The autoreload extension is already loaded. To reload it, use:
  %reload_ext autoreload


In [3]:
torch.manual_seed(123)
torch.cuda.manual_seed(123)
np.random.seed(123)
random.seed(123)
torch.backends.cudnn.enabled=False
torch.backends.cudnn.deterministic=True

# Config

In [4]:
col_agg_finctions = {'Open': 'first', 'High': 'max', 'Low': 'min', 'Close': 'last', 'Volume': 'sum'}

In [5]:
train_start, train_end = '2023-10-01', '2023-11-01'
test_start, test_end = '2023-11-01', '2023-11-07'

In [6]:
use_pct_changes_X = False
use_pct_changes_ts2v = False
use_pct_changes_labels = False

In [7]:
ts2vec_device = 1
ts2vec_out_dim = 128

n_shifts = 18

In [8]:
ticker_data_path = 'configs/best_stocks_nans_rate.yaml'
ticker_data_path = 'data/all_tickers.csv'

# DataLoading

In [9]:
df = pipeline_data(col_agg_finctions=col_agg_finctions)

In [10]:
emb_model = TS2Vec(input_dims=4, device=2, output_dims=ts2vec_out_dim)
emb_model_exp = SelfSupervisedExperint(
    model = LogisticRegression(),
    emb_model = emb_model,
    train_start = train_start, 
    train_end = train_end, 
    test_start = test_start, 
    test_end = test_end,
    label_name = 'Close',
    use_pct_changes_data = False,
    use_pct_changes_labels = True,
    task = 'classification',
)

results, preds = emb_model_exp.pipeline(df, metric_func=accuracy_score)
results

STOP: TOTAL NO. of ITERATIONS REACHED LIMIT.

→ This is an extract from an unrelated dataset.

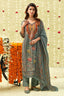 Bemberg Diamond Silk Fancy Handwork Salwar Kameez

Increase the number of iterations (max_iter) or scale the data as shown in:
    https://scikit-learn.org/stable/modules/preprocessing.html
Please also refer to the documentation for alternative solver options:
    https://scikit-learn.org/stable/modules/linear_model.html#logistic-regression
  n_iter_i = _check_optimize_result(


0.42410714285714285

In [43]:
lag_model_exp = LagModelExperint(
    model = CatBoostClassifier(),
    train_start = train_start, 
    train_end = train_end, 
    test_start = test_start, 
    test_end = test_end,
    label_name = 'Close',
    use_pct_changes_data = True,
    use_pct_changes_labels = True,
    task = 'classification',
)

results, preds = lag_model_exp.pipeline(df, metric_func=accuracy_score)
results

0.4851190476190476

In [26]:
const_exp = ConstPredExperiment(
    train_start = train_start, 
    train_end = train_end, 
    test_start = test_start, 
    test_end = test_end,
    label_name = 'Close',
    use_pct_changes_data = False,
    use_pct_changes_labels = False,
    task = 'classification',
)

results, preds = const_exp.pipeline(df, metric_func=accuracy_score)
results

0.5714285714285714

In [28]:
pipeline = ChronosPipeline.from_pretrained(
    "amazon/chronos-t5-tiny",
    device_map="cuda:2",  # use "cpu" for CPU inference and "mps" for Apple Silicon
    torch_dtype=torch.bfloat16,
)

zs_model_exp = FoundationZeroShort(
    model = pipeline,
    train_start = train_start, 
    train_end = train_end, 
    test_start = test_start, 
    test_end = test_end,
    label_name = 'Close',
    use_pct_changes_data = True,
    use_pct_changes_labels = True,
    task = 'classification',
)

results, preds = zs_model_exp.pipeline(df, metric_func=accuracy_score)
results

100%|██████████| 24/24 [00:03<00:00,  6.68it/s]


0.5535714285714286

## multirun

In [15]:
regression_models = {
    'lr': LinearRegression(),
    'rf': RandomForestRegressor(),
    'knn': KNeighborsRegressor(),
    'svm': SVR(),
    'lasso': Lasso(),
    'xgb': XGBRegressor(),
    'catbst': CatBoostRegressor(),
}
classification_models = {
    'lr': LogisticRegression(),
    'rf': RandomForestClassifier(),
    'knn': KNeighborsClassifier(),
    'xgb': XGBClassifier(),
    'catbst': CatBoostClassifier(),
}

In [39]:
def multirun_pipeline(
    emb_model,
    zs_model,
    model_pool, 
    main_task: str='regression',
    metrics = {'MAPE': MAPE},
):
    
    cols = ['exp', 'model', 'pct_label', 'pct_data']
    res_df = pd.DataFrame(columns=cols)
    pct_lab_base =  [True, False] if main_task == 'regression' else [True]
    for pct_lab in pct_lab_base:
        for pct_data in [True, False]:
            print('pct_lab:', pct_lab, ',pct_data:', pct_data)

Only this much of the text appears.